SW: Increasingly, archives are making (portions of) their collections available online. This enables scholars to use digital techniques to ask new questions of large-scale historical data, like the Kissinger Collection. Your research emphasizes text analysis – word frequency and collocation, topic modeling, influence mapping, and sentiment analysis – and visualization – force directed graphs, line and bar graphs, and area and stream graphs. Why did you decide to utilize digital techniques for analyzing the Kissinger Collection, and how did you develop your methodology?

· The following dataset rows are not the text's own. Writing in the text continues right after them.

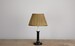 Max Rollitt Bespoke candlestick lamp with dune malabar lampshade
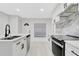 Sleek kitchen featuring a functional island, marble countertops, and modern appliances at 1914 E Emma St, Tampa, FL 33610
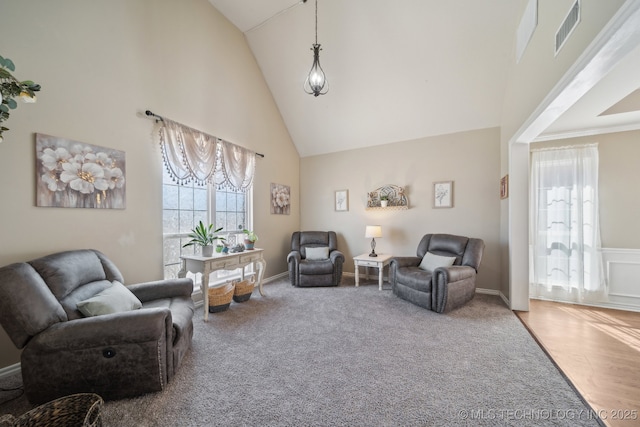 carpeted living room featuring visible vents and high vaulted ceiling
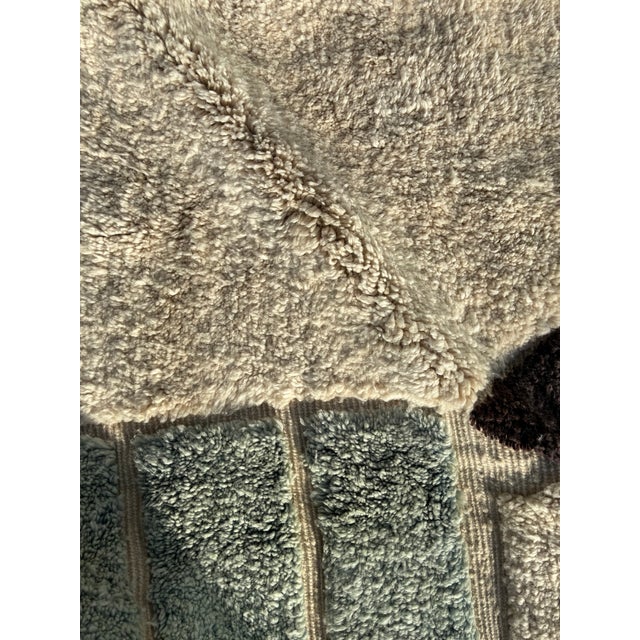 This authentic Beni Ouarain rug is handwoven in the Middle Atlas region of Morocco by skilled Berber artisans using...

MK: Most fundamentally, the problem I encountered in the analysis was one of scale. The amount of material generated during Henry Kissinger’s White House years (1969-1977) is vast. This posed lots of problems for this project – even confining my particular research to his official correspondence materials curated by the National Security Archive (NSArchive) at George Washington University, I had a dizzying 18,600+ documents to analyze, involving thousands of individuals, organizations, and subjects in the discussions. At the same time, the lack of available material was also a problem – the material at the National Security Archive is a declassified subset of the total amount of correspondence generated and collected. So, in light of the problems of scale, I chose to confront the technological challenges of distant reading, rather than the more typical problem of how (and where) to choose a subjective starting point for a conventional close reading.
In addition to scale, any research based upon Henry Kissinger’s publicly available correspondence is complicated by a dense and contentious historiography generated by a host of historians in the past 40 years. Kissinger and his geopolitical impact are hotly debated, not merely for the controversies of his tenure but for the controversies of his character. He is a man whose history is defined by a paradoxical blend of policy, personality, celebrity, and secrecy. To study a man of such complexity and impact on the basis of selected, cherry-picked items of evidence is therefore to run the same risk former Nixon Domestic Policy Advisor John Ehrlichman warned about, that a few snippets of ‘tape’ would only create an oversimplified, and therefore wrong, impression. Only by studying ‘all’ the tapes, and ‘all the archives’ could one form a picture that would properly reflect Kissinger’s deeply complex, and internally contradictory qualities.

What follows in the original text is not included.